◆ WHAT YOU ARE ASKED TO DO ◆
Reproduce the entries in full, with no changes.

╭──

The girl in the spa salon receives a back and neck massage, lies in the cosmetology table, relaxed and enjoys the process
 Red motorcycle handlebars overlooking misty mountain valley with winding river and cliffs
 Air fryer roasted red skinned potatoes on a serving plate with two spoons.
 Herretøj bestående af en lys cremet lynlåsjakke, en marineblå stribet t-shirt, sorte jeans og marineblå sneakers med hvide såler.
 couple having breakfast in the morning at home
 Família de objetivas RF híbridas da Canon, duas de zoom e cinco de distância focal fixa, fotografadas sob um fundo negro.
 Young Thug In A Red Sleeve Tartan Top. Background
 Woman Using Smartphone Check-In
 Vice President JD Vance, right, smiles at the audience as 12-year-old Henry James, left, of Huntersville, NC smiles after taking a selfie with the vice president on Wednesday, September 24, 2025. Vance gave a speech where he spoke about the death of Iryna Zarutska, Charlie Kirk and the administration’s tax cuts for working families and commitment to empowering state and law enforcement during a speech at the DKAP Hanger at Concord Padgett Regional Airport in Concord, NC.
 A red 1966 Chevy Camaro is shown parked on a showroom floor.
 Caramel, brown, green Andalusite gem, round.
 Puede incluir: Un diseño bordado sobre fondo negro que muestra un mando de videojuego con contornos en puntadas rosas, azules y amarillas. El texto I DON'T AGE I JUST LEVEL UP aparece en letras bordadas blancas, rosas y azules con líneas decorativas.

╰──

◆ SOLUTION TO THIS EXERCISE ◆
The girl in the spa salon receives a back and neck massage, lies in the cosmetology table, relaxed and enjoys the process
 Red motorcycle handlebars overlooking misty mountain valley with winding river and cliffs
 Air fryer roasted red skinned potatoes on a serving plate with two spoons.
 Herretøj bestående af en lys cremet lynlåsjakke, en marineblå stribet t-shirt, sorte jeans og marineblå sneakers med hvide såler.
 couple having breakfast in the morning at home
 Família de objetivas RF híbridas da Canon, duas de zoom e cinco de distância focal fixa, fotografadas sob um fundo negro.
 Young Thug In A Red Sleeve Tartan Top. Background
 Woman Using Smartphone Check-In
 Vice President JD Vance, right, smiles at the audience as 12-year-old Henry James, left, of Huntersville, NC smiles after taking a selfie with the vice president on Wednesday, September 24, 2025. Vance gave a speech where he spoke about the death of Iryna Zarutska, Charlie Kirk and the administration’s tax cuts for working families and commitment to empowering state and law enforcement during a speech at the DKAP Hanger at Concord Padgett Regional Airport in Concord, NC.
 A red 1966 Chevy Camaro is shown parked on a showroom floor.
 Caramel, brown, green Andalusite gem, round.
 Puede incluir: Un diseño bordado sobre fondo negro que muestra un mando de videojuego con contornos en puntadas rosas, azules y amarillas. El texto I DON'T AGE I JUST LEVEL UP aparece en letras bordadas blancas, rosas y azules con líneas decorativas.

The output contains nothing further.